Por Patrick Selvatti
Quando se fala em Débora Falabella, o que vem à mente, em primeiro lugar, é a sua potência cênica. O corpo pequeno com traços delicados e feições de menina da ex-Chiquitita (1999/2001) abriga uma das intérpretes com maior musculatura da geração à qual pertence a atriz mineira de 44 anos, que acumula na estante da carreira uma admirável coleção de prêmios. Não à toa. Sua composição, sempre visceral, posicionou personagens mais populares, como a Mel de O clone (2001), a Sarah — dividida com Marília Pêra — de JK (2006) e a Nina de Avenida Brasil (2012), na elite dos gigantes da teledramaturgia brasileira. Esta última, por exemplo, figura no ranking das novelas mais marcantes da tevê, mas ela quer sempre ir além. “Eu acho que o mais interessante dessa profissão é você nunca se acomodar”, afirma.

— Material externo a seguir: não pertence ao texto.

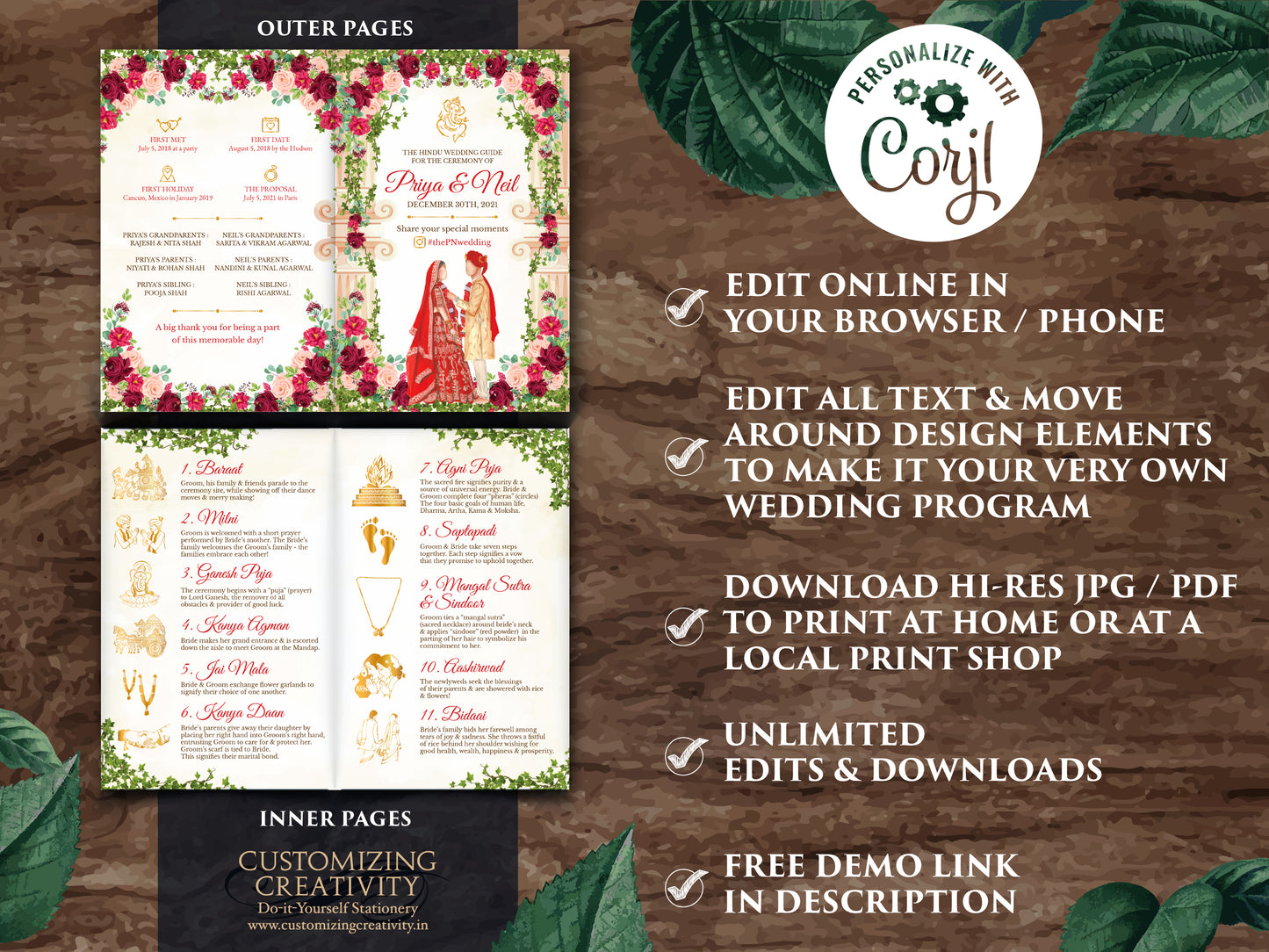 Hindu Ceremony Program & Indian Wedding program guide, Gujarati Wedding program template Hindu as Hindu Wedding guide, Hindu Wedding Program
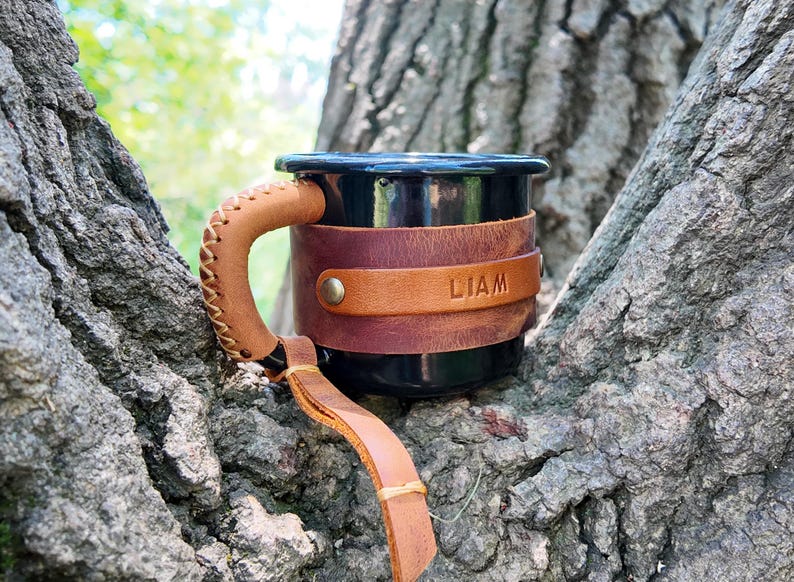 Personalized Leather Enamel Camping Mug: 12 oz Travel Coffee Mug image 3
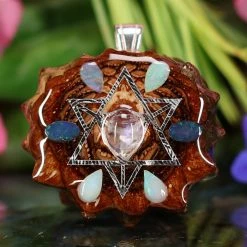 TEP Pendants Moonstone With Silver Merkaba And Multi-Stone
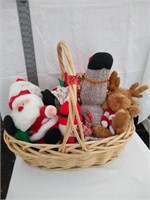 Wicker basket of stuffed animals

A inquieta Débora — que também soma sucessos no cinema, como Lisbela e o prisioneiro (2003), Primo Basílio (2007), Depois a louca sou eu (2021) e o mais recente, Bem-vinda, Violeta! (2023) —, no momento, pode ser vista, na televisão, em dose dupla, na pele de duas personagens que realçam a força que a mineirinha carrega em cena: como a gerente de cooperativa Lucinda, em Terra e paixão, novela das 21h da Globo, e como a jornalista ativista Natalie, em Aruanas, série original da Globoplay, com duas temporadas disponíveis. Essas produções trazem discussões atuais e importantes para a sociedade brasileira: a violência doméstica e a preservação do meio ambiente. “Talvez o mais importante de fazer uma personagem como essa seja causar identificação e empatia nas pessoas”, avalia a pisciana, natural de Belo Horizonte.
Em uma conversa com o Próximo Capítulo, Débora Falabella fala sobre os traços de loucura presentes em algumas personagens, empoderamento feminino e maternidade — tema de uma peça teatral que deve virar filme, no qual a atriz pretende se lançar como diretora.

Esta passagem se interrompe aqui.